## Activity
Starting at the top of the data and ending with the line that holds "AEG CGX6130ACB Freestanding", transcribe each line exactly; include both ends.

## Data for this task
+ + + + + + +
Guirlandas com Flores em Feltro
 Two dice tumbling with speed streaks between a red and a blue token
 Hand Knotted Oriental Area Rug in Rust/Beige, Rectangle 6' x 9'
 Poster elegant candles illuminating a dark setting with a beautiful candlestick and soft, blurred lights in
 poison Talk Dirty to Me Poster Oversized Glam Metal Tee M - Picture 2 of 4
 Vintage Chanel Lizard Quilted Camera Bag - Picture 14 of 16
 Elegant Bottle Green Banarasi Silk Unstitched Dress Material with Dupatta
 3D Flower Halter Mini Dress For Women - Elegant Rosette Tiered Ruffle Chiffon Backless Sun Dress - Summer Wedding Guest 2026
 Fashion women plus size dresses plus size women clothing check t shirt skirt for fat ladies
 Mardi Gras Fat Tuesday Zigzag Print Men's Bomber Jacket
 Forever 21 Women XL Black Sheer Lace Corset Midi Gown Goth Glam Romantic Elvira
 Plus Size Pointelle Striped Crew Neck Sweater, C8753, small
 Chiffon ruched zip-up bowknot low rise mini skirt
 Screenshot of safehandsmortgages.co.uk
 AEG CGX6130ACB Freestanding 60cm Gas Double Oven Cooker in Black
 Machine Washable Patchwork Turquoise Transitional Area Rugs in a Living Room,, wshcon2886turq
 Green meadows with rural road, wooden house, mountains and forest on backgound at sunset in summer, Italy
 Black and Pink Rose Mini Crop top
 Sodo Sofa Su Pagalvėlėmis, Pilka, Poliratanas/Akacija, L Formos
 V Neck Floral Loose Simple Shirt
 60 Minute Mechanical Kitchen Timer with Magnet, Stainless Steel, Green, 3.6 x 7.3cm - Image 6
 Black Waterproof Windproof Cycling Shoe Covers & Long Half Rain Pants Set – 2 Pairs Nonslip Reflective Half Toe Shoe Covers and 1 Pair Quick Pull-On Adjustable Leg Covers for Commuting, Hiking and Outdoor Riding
+ + + + + + +
## Answer section
Guirlandas com Flores em Feltro
 Two dice tumbling with speed streaks between a red and a blue token
 Hand Knotted Oriental Area Rug in Rust/Beige, Rectangle 6' x 9'
 Poster elegant candles illuminating a dark setting with a beautiful candlestick and soft, blurred lights in
 poison Talk Dirty to Me Poster Oversized Glam Metal Tee M - Picture 2 of 4
 Vintage Chanel Lizard Quilted Camera Bag - Picture 14 of 16
 Elegant Bottle Green Banarasi Silk Unstitched Dress Material with Dupatta
 3D Flower Halter Mini Dress For Women - Elegant Rosette Tiered Ruffle Chiffon Backless Sun Dress - Summer Wedding Guest 2026
 Fashion women plus size dresses plus size women clothing check t shirt skirt for fat ladies
 Mardi Gras Fat Tuesday Zigzag Print Men's Bomber Jacket
 Forever 21 Women XL Black Sheer Lace Corset Midi Gown Goth Glam Romantic Elvira
 Plus Size Pointelle Striped Crew Neck Sweater, C8753, small
 Chiffon ruched zip-up bowknot low rise mini skirt
 Screenshot of safehandsmortgages.co.uk
 AEG CGX6130ACB Freestanding 60cm Gas Double Oven Cooker in Black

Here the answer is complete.